Venerdì a Sondrio la preghiera del lavoro con il vescovo Oscar Cantoni

Quest'anno il tema scelto è legato all'agricoltura

Venerdì a Sondrio la preghiera del lavoro con il vescovo Oscar Cantoni
Pubblicato:

La preghiera del lavoro di quest’anno si terrà in collaborazione tra il Servizio alla pastorale sociale e del lavoro della diocesi di Como e Coldiretti Sondrio presso il mercato agricolo di piazza Cavour a Sondrio venerdì 3 maggio 2024 alle ore 11. La preghiera vedrà la partecipazione del vescovo di Como, cardinale Oscar Cantoni, e la testimonianza di alcuni giovani imprenditori agricoli della provincia.

Venerdì a Sondrio la preghiera del lavoro con il vescovo Oscar Cantoni

Il tema scelto per il 2024 è “Il sogno e la terra. I giovani tornano all’agricoltura” e prende le mosse dai dati regionali relativi alle piccole imprese agricole. Da qualche anno in provincia di Sondrio c’è la più alta percentuale di imprese under 35 di tutta la Lombardia. L’agricoltura in Valtellina e Valchiavenna è, dunque, un settore particolarmente giovane: 308 imprese sono condotte da under 35, pari al 14,3% del totale, la percentuale più alta di tutta la regione.

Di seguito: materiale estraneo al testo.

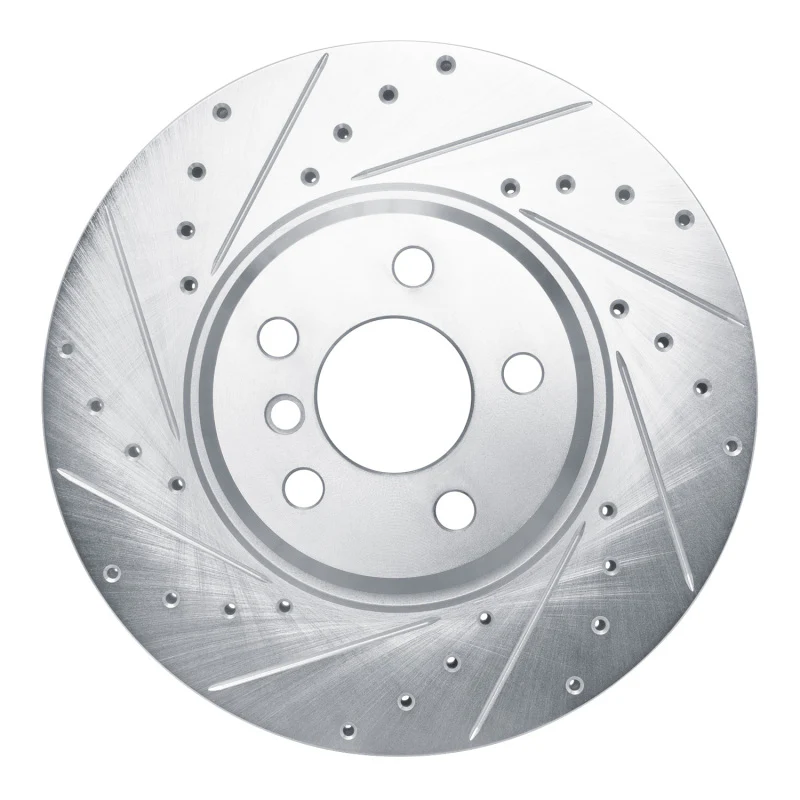 R1 18-25 BMW Z4 Front Left Drilled & Slotted Silver Brake Rotor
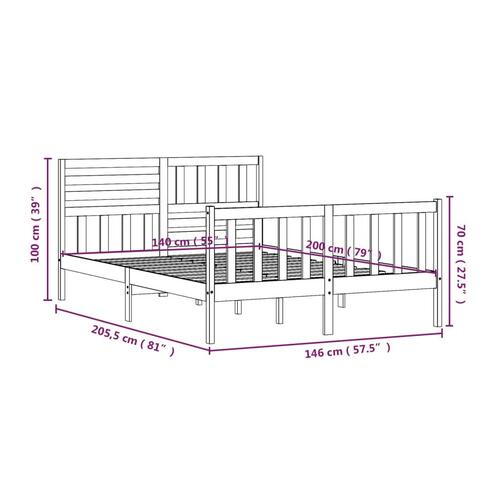 Sengeramme 140x200 cm massivt træ hvid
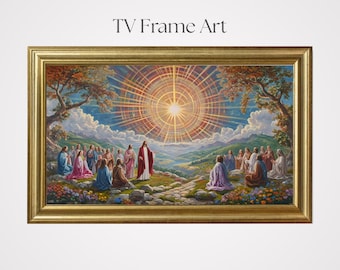 Bijbels landschap tv-lijstkunst: christelijk interieur (digitale download)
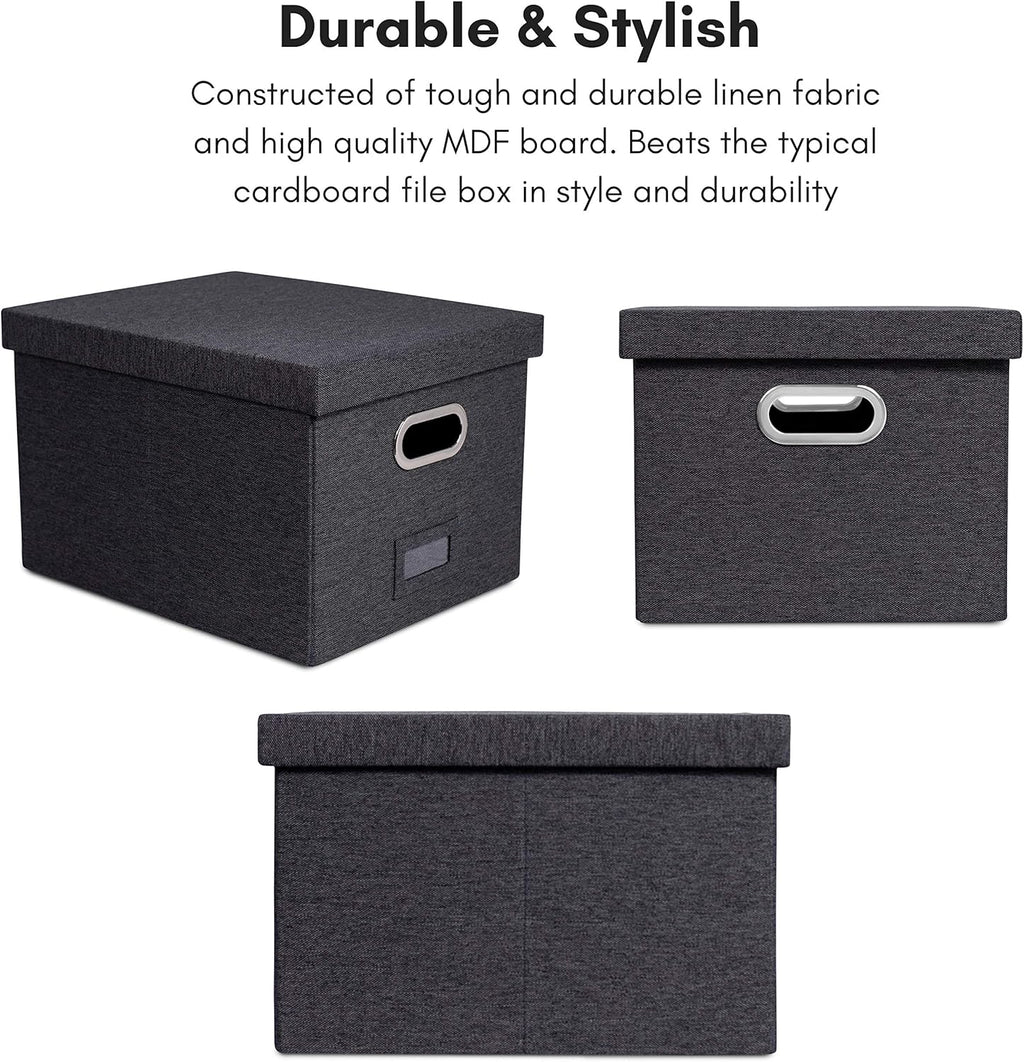 Internet's Best Collapsible File Storage Organizer with Lid - Decorative Linen Filing & Storage Office Box – Hanging Letter/Legal Folder – Home Office Bins Cabinet – Charcoal Container - 6 Pack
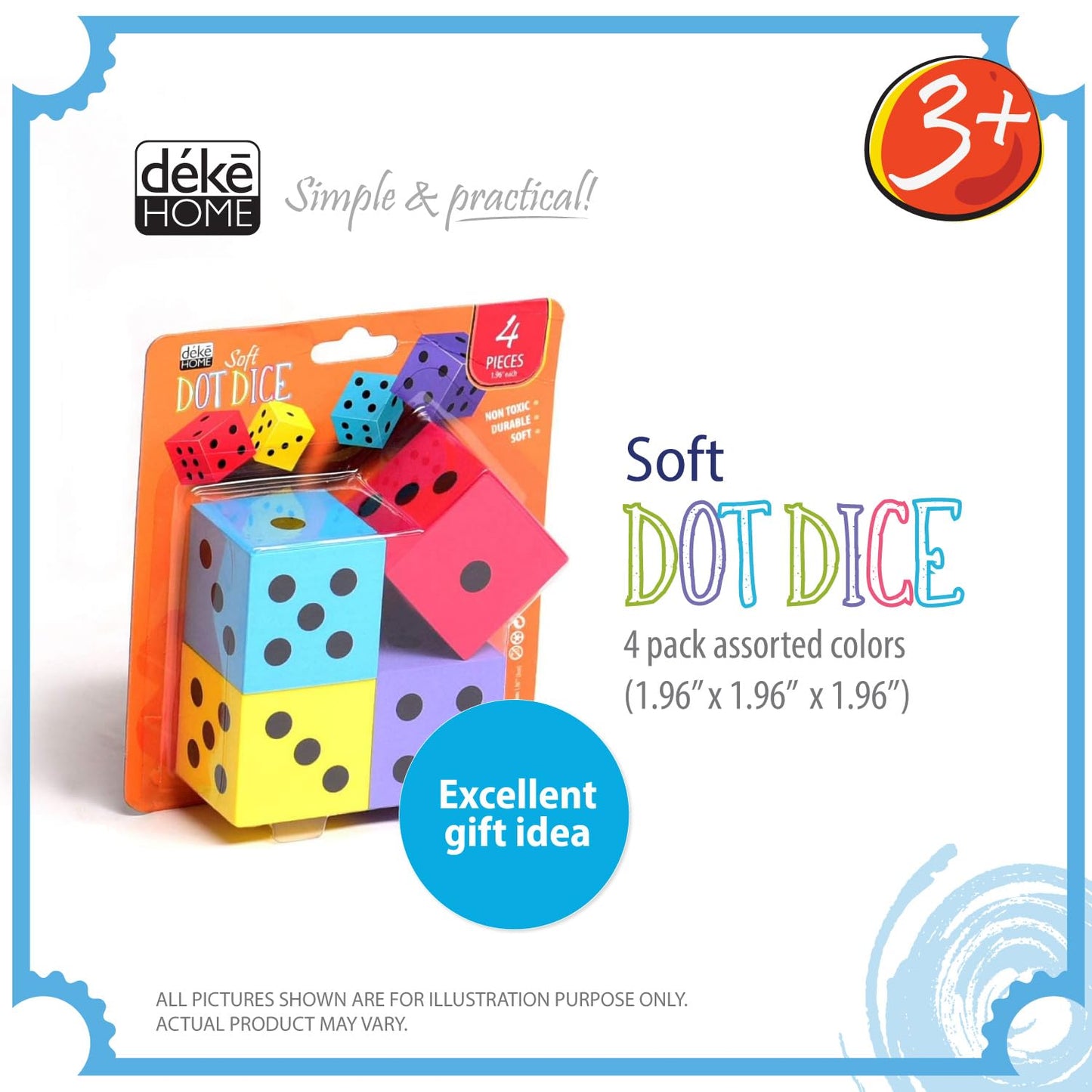 Deke Home Foam Dice Set (Pack of 4) - Jumbo 1.96 inch Dice for Classroom & Home Learning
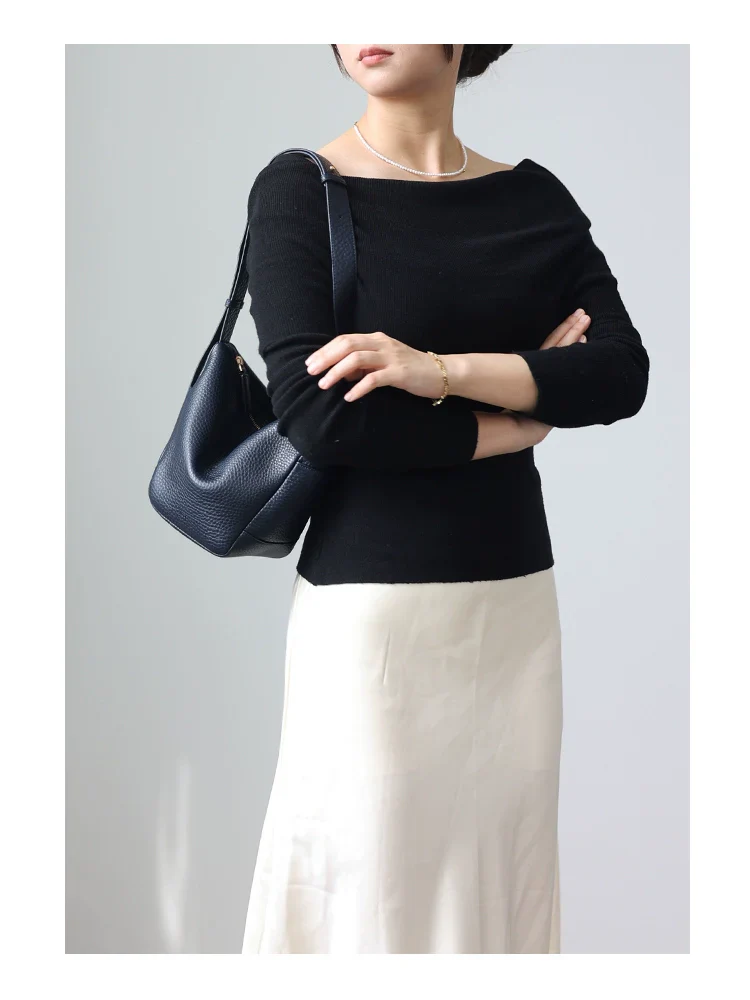 Minimalist Pebbled Leather Bucket Bag - Image 8
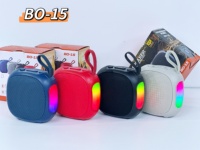 Haut-parleur Bluetooth portable RGB BO-15 5W en tissu maillé sans fil pour extérieur, camping, voyage, compatible BT TF USB FM TWS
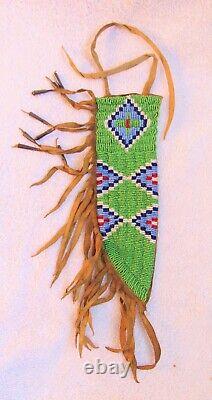 Old Vintage Lakota Sioux Indian Beads Beadwork Beaded & Leather Knife Sheath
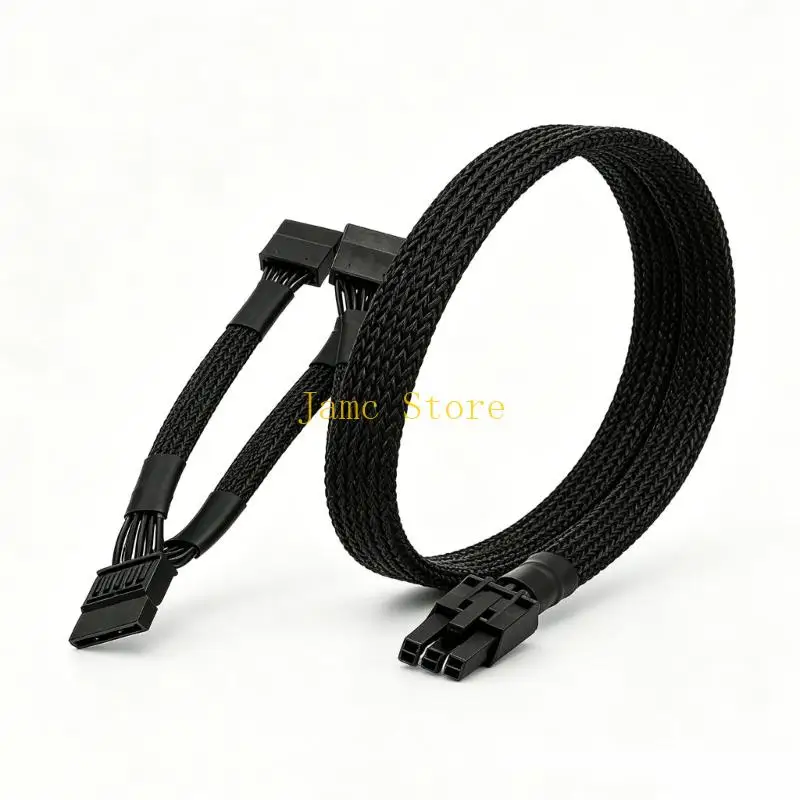 LX0B Flexible 6Pin to 3SATA Power Extension Cable with Braided Cover 50Cm for Computer Power Supply Units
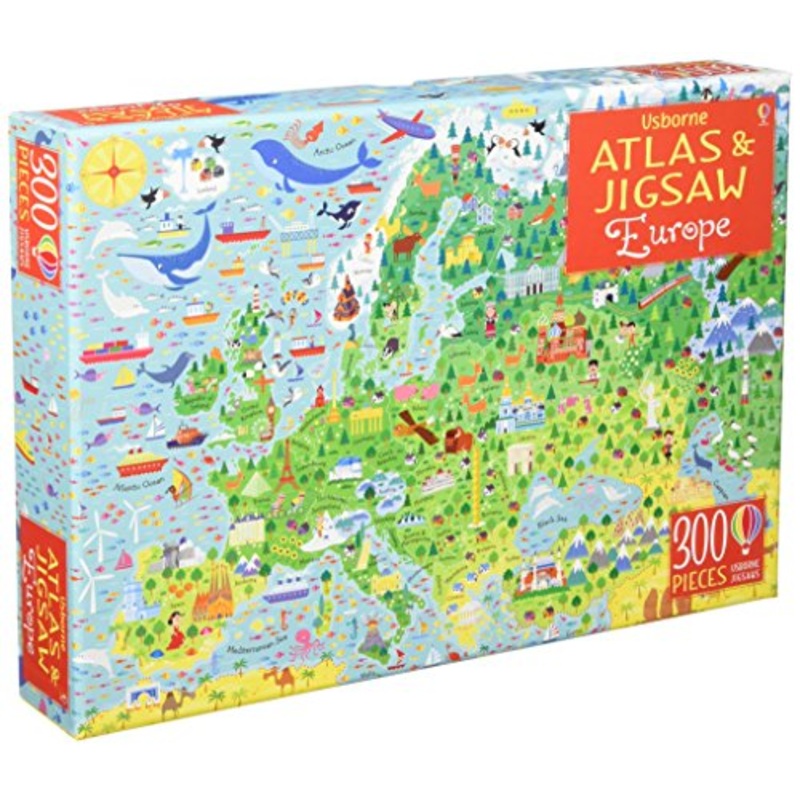 Usborne Atlas and Jigsaw Europe By Jonathan Melmoth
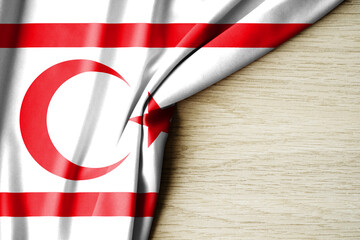 Northern Cyprus flag. Fabric pattern flag of Northern Cyprus. 3d illustration. with back space for text.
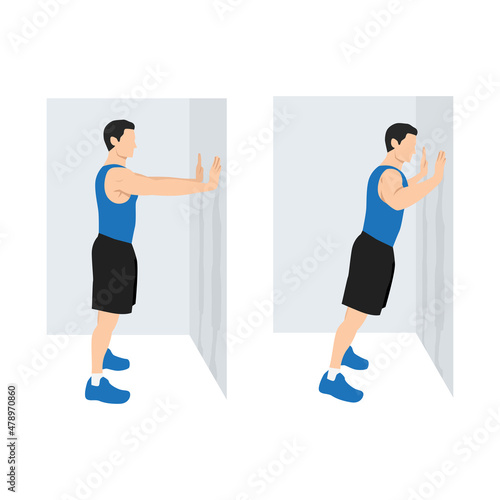 Man doing Wall push up. Standing press up exercise. Flat vector illustration isolated on white background. workout character set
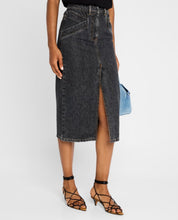 Load image into Gallery viewer, NWT Iro Clarysse Faded Denim Midi Skirt Black Stone Size 38
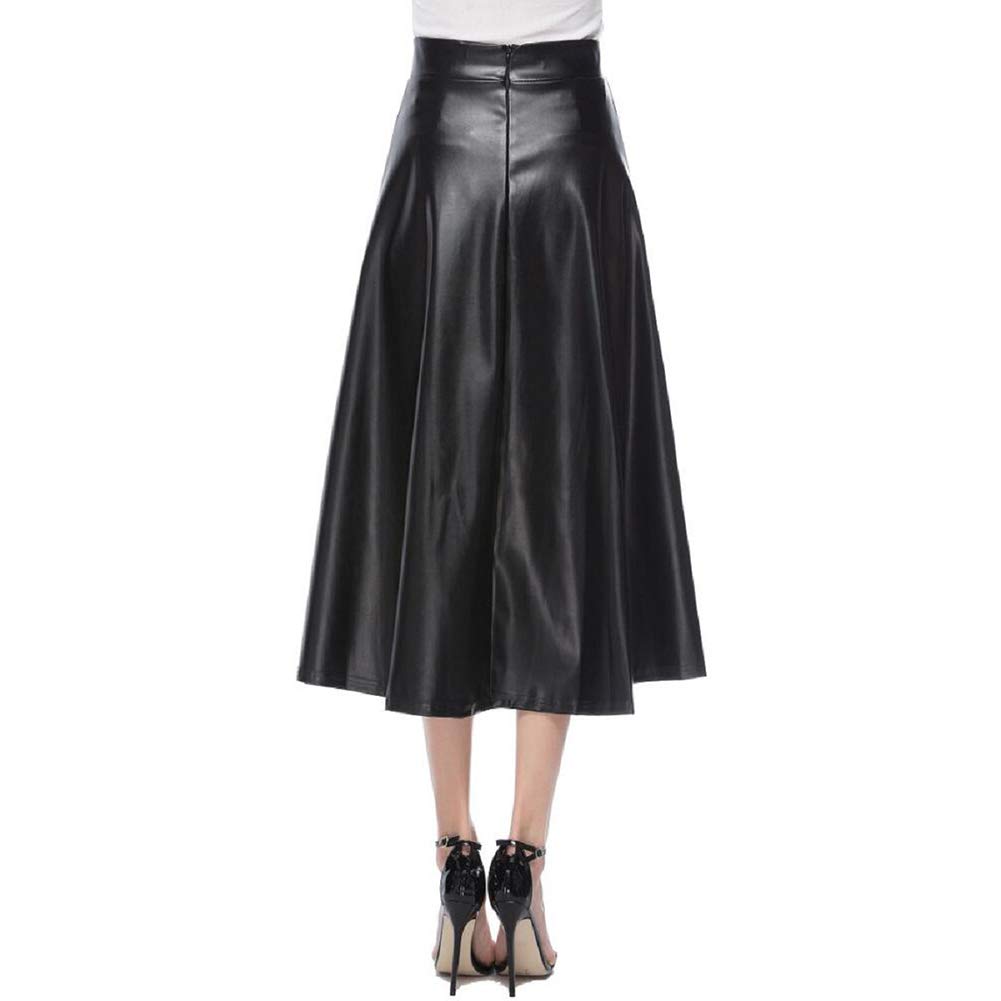 Falda Cuero Mujer Falda de Piel sintética for Mujer, Cintura Alta, Cremallera, Plisada, Corte en A, Falda Larga Acampanada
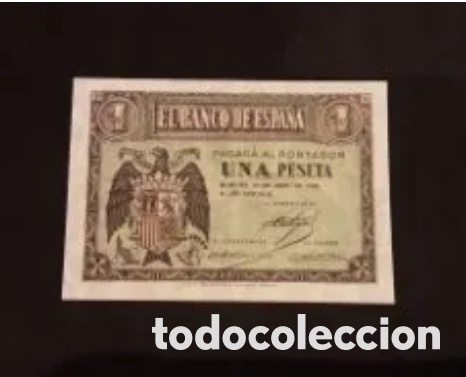 Spanish Banknotes: 1 peseta 1938 serie A rar&iacute;sima plancha lujo taco S/C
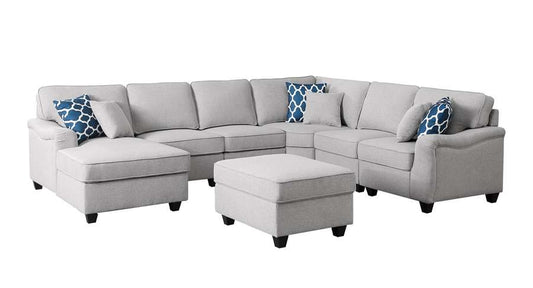 Lilola Home - Leo Light Gray Linen 7Pc Modular L-Shape Sectional Sofa Chaise and Ottoman - 89121-14 veiw 2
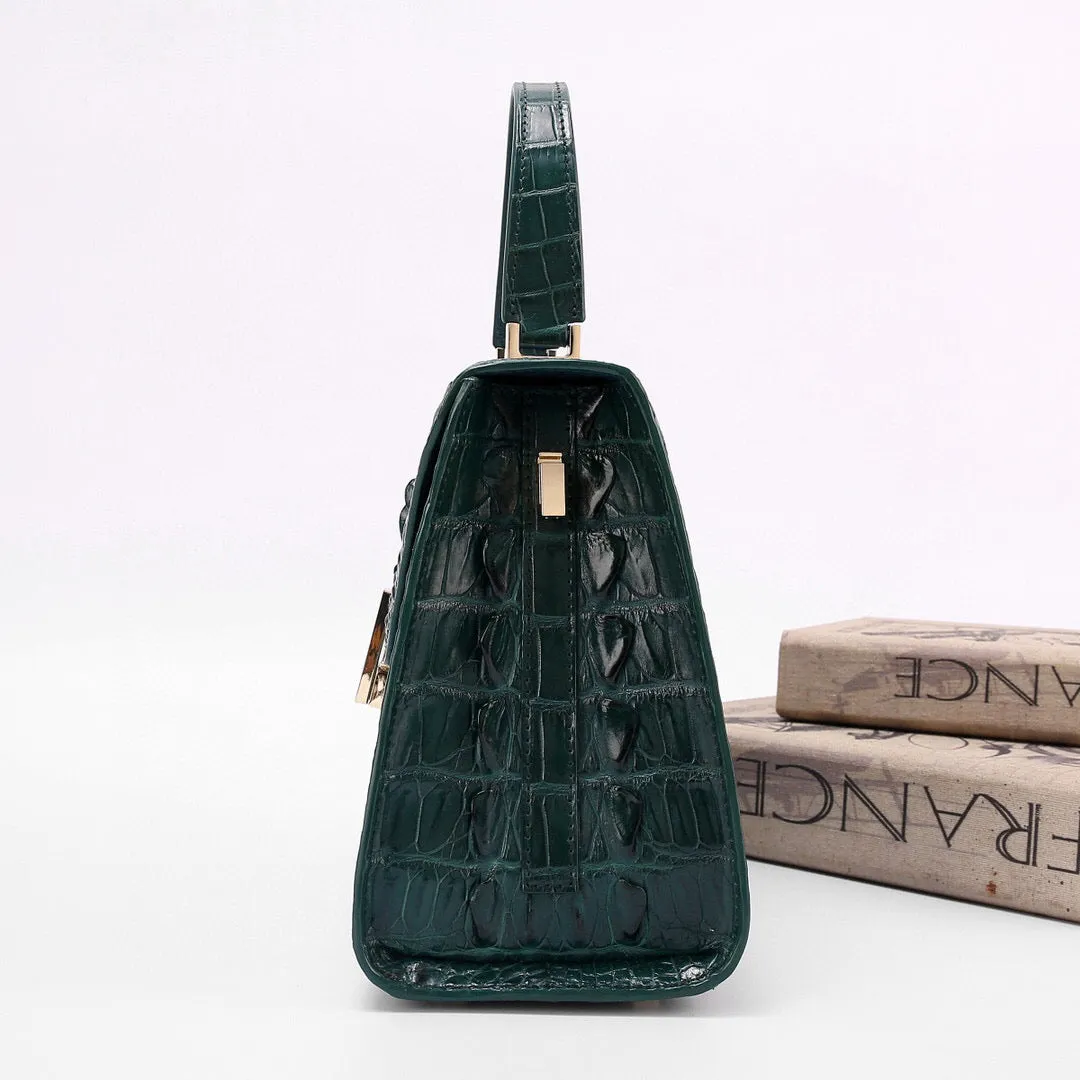 Genuine Crocodile Skin Bone  Leather Top Handle Bags Dark Green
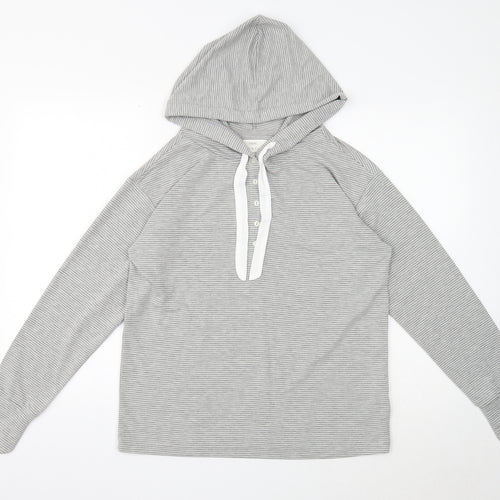 NEXT Womens Grey Striped Polyester Pullover Hoodie Size S Button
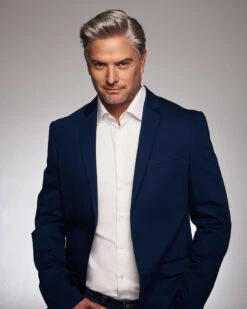 Distinguished | Average/Large Men's Lace Front & Monofilament Human Hair Blend Wig By HIM -Best wig outlet Shop HIM64009AL Distinguished M56S w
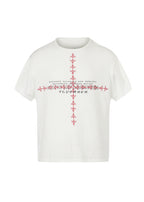 Flyerrer Retro Iris Crest Knit Short Sleeve T-Shirt, Loose Court Style Top FR336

L’ascolto di molti di questi giovani imprenditori racconta le tante scelte di vita, il desiderio di un maggiore contatto con la natura e di un lavoro all’aria aperta, la ricerca della propria vocazione professionale, la realizzazione di un sogno e di un progetto.

«Vogliamo ascoltare queste storie – dicono dal Servizio alla pastorale sociale e del lavoro – e pregare perché questo ritorno dei giovani all’agricoltura realizzi i loro sogni e stimoli la società a ritmi e stili di vita più in armonia con la nostra umanità e con il creato».

Agricoltura al centro della preghiera del lavoro

Don Andrea Del Giorgio, viceresponsabile del Servizio alla pastorale sociale e del lavoro della diocesi di Como e Consulente spirituale di Coldiretti Sondrio, ricorda che «il messaggio dei vescovi italiani “Il lavoro per la partecipazione e la democrazia” è in continuità con il cammino di preparazione della cinquantesima Settimana Sociale dei cattolici in Italia che si svolgerà a Trieste dal 3 al 7 luglio prossimi.

Il testo redatto dalla Commissione Episcopale per i problemi sociali e il lavoro, la giustizia e la pace, dopo un’introduzione sul lavoro come partecipazione alla grande opera divina del prendersi cura dell’umanità e del Creato e sulla sua identità di azione “con” e “per” gli altri, tratta soprattutto di come il prendersi cura del lavoro sia atto di carità politica e di democrazia». In quest’ottica va letta la scelta del focus particolare sul tema giovani e agricoltura.

«In un territorio come quello della provincia di Sondrio – rifletta don Andrea –, caratterizzato da primati decisamente meno positivi, come quello della denatalità, ci è sembrato un bel segnale di speranza parlare de “Il sogno e la terra”. Abbiamo sentito il desiderio di dare visibilità a testimonianze di giovani capaci di scelte lavorative dettate dalla passione e dalla volontà di contribuire allo sviluppo del proprio territorio e di realizzare un loro progetto professionale legato alla terra. Spesso in maniera innovativa e con la ricerca di un senso del lavoro non legato solo all’aspetto economico. Le esperienze di questi giovani imprenditori possono diventare esempi di quel lavoro libero, creativo, partecipativo e solidale attraverso cui l’essere umano esprime e accresce la dignità della propria vita (Evangelii Gaudium, 192)».

Riflettendo sul modo in cui la Chiesa può far sentire la sua voce per sollecitare un lavoro equo, giusto e sicuro, don Del Giorgio sottolinea che «la Chiesa in sé, in quanto comunità cristiana, può svolgere un’azione educativa e profetica, mostrando come l’esperienza dell’uomo che lavora non sia oggettivabile e misurabile né riducibile a mero elemento economico. Come ogni realtà umana va vista integralmente, in tutte le sue dimensioni e dentro una storia in continuo mutamento. La Chiesa deve farsi portavoce della Parola di Dio che rivela il lavoro come realtà che, da una parte, fa l’uomo simile al Dio creatore e lavoratore (cfr. Gen 2) e, dall’altra, è sempre da redimere e liberare dalle derive oppressive e alienanti. I laici, membri del Popolo di Dio, hanno poi il dovere di contribuire con l’azione sociale, politica e sindacale allo sviluppo degli strumenti necessari allo scopo di rendere il lavoro sempre più equo, giusto e sicuro».